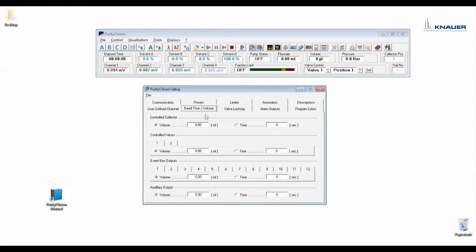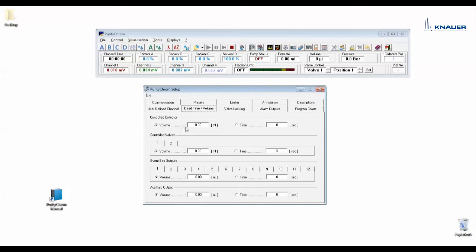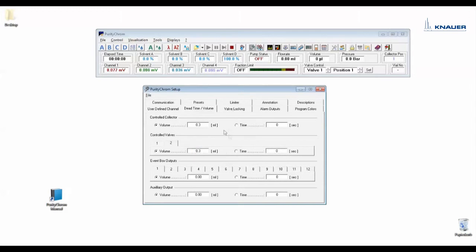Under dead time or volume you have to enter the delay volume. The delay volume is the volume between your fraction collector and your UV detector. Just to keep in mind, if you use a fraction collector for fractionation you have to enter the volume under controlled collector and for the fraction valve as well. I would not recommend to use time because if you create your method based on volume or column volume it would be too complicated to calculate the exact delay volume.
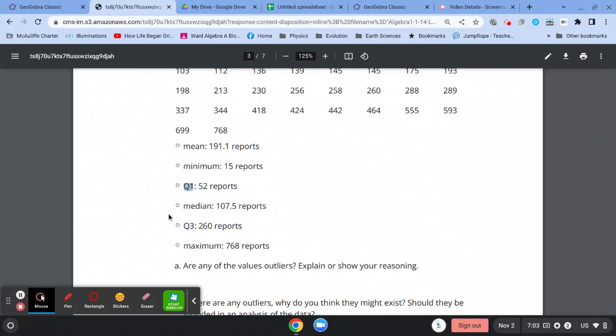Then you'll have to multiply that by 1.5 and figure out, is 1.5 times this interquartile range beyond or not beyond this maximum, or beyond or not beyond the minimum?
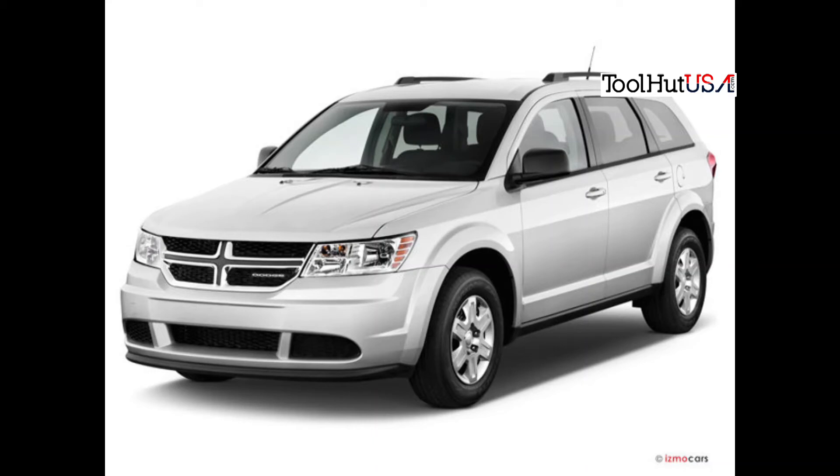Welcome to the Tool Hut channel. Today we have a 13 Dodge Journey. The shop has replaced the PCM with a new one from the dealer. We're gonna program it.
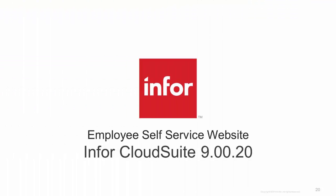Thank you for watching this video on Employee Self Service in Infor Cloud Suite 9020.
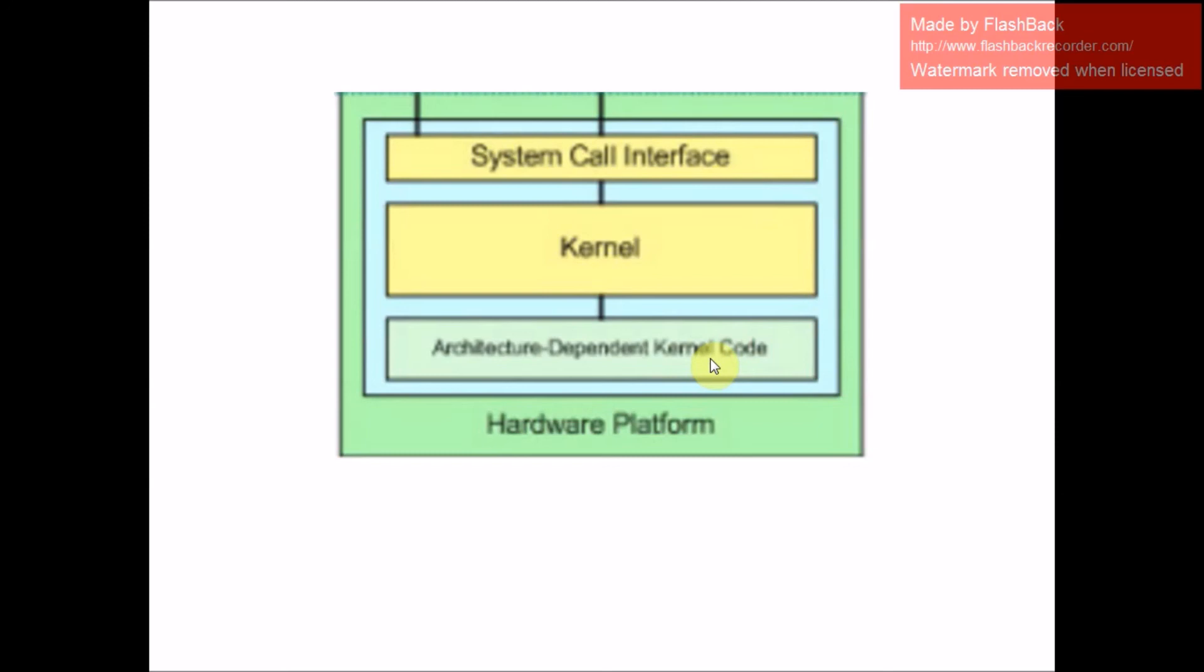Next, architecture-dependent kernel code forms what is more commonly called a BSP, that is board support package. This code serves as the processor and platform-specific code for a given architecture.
──────
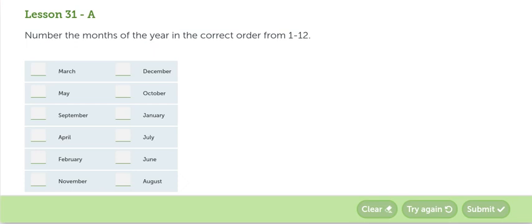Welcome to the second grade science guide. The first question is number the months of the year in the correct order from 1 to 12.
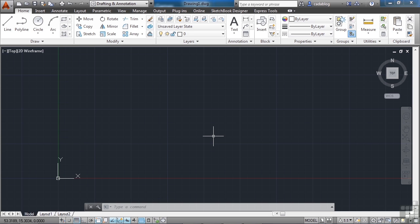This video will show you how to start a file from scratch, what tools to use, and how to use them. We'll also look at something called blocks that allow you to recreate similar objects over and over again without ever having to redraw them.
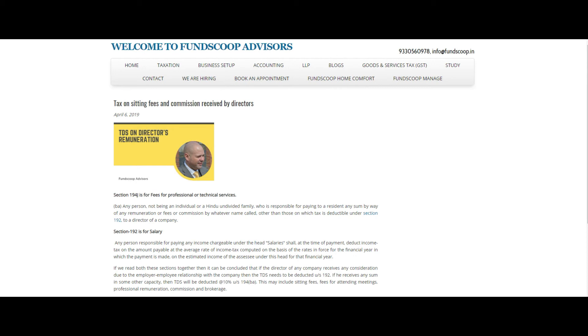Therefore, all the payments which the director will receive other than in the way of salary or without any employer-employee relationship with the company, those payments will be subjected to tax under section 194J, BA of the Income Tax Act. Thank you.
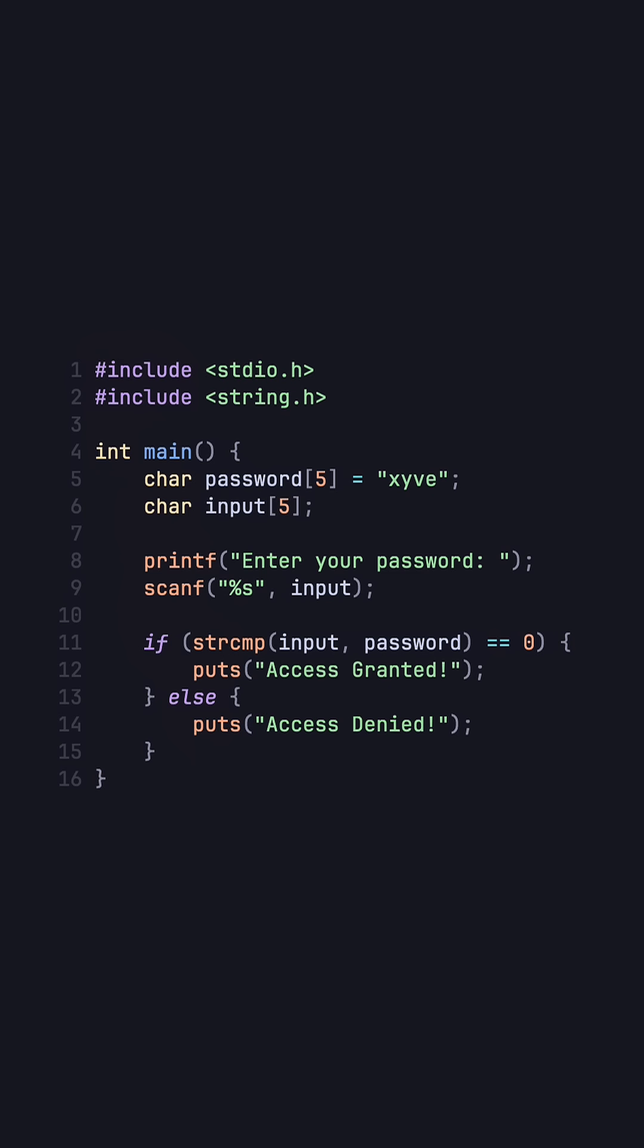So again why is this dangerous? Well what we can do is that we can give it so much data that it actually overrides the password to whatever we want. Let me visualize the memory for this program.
──────
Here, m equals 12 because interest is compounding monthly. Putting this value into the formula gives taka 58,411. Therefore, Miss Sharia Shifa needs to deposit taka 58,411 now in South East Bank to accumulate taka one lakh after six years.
──────
What the task asks: Precisely those lines above that run from the line with "Under dead time" up to and including the line with "Welcome to the Tool" are to be set down, with the pictures omitted.

Output:
Under dead time or volume you have to enter the delay volume. The delay volume is the volume between your fraction collector and your UV detector. Just to keep in mind, if you use a fraction collector for fractionation you have to enter the volume under controlled collector and for the fraction valve as well. I would not recommend to use time because if you create your method based on volume or column volume it would be too complicated to calculate the exact delay volume.
Then you'll have to multiply that by 1.5 and figure out, is 1.5 times this interquartile range beyond or not beyond this maximum, or beyond or not beyond the minimum?
Welcome to the Tool Hut channel. Today we have a 13 Dodge Journey. The shop has replaced the PCM with a new one from the dealer. We're gonna program it.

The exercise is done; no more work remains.